Scalping can have various description depending on whom you ask. Some folks would say that some “Forex Surfing" technique's are considered “Scalps" due to the small size and duration of the trades. Different traders have different techniques for scalping, but one thing that can be universally agreed upon is that scalping involves tiny trades (both in amplitude and duration).
Typically, Scalping is a specialized technique that involves making a tiny trade to capture a very small movement in the market. Whereas a position trader may engage in trades that are intended to last multiple days to months aiming for targets of 100-1000 of pips, and a day trader typically engages in trades that are intended to last for less than a day aiming for targets ranging from 20- 100 pips, a scalper engages in trades that might only last a few minutes aiming for targets of 5 pips.

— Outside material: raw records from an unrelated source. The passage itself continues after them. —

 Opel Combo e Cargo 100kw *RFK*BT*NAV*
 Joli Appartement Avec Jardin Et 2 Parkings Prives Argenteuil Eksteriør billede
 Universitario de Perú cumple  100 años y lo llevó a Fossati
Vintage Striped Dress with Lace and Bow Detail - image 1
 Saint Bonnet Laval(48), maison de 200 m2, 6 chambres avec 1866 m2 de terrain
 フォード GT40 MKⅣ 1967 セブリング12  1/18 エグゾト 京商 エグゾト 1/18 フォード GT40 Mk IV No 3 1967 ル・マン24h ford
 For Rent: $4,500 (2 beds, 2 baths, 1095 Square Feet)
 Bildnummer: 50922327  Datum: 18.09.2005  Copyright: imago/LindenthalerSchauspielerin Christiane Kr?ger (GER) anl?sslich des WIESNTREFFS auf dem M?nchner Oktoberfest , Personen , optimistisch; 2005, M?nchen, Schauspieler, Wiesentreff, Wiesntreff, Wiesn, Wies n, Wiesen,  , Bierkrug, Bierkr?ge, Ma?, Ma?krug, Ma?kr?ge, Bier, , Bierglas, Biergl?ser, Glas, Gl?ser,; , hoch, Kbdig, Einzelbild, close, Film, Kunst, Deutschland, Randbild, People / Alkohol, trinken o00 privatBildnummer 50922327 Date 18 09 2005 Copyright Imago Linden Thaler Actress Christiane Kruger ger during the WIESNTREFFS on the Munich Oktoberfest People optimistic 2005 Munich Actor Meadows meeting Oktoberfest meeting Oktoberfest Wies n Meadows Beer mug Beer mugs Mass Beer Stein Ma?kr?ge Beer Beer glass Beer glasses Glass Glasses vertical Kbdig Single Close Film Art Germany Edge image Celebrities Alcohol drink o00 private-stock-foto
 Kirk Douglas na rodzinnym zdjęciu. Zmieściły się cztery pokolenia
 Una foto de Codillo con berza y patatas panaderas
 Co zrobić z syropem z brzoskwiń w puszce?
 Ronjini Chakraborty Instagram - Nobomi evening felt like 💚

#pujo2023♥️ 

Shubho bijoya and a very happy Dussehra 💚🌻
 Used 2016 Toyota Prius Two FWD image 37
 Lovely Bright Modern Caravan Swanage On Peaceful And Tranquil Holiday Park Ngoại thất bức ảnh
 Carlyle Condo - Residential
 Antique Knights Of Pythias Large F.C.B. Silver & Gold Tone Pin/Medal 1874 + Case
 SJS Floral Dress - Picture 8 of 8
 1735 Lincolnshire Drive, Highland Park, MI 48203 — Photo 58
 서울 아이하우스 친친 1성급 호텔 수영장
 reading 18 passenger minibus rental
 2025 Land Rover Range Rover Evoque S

A scalper typically trades multiple forex lots whether is mini or regular lots depending on the size of the account and risk tolerance, often more lots than one would normally trade if trading as either a day trader or a position trader, simply due to the fact that those styles typically require larger stops thus shrinking the amount of lots one can safely trade according to equity management principles. By trading more lotd a scalper can achieve significant gains comparable to the gains expected by day and postiob trader in the same time span even though the scalper engages in much smaller trades. For example, a scalper that succeed in capturing just 5 pips could have made $500 in under a minute if he traded 10 regular lots.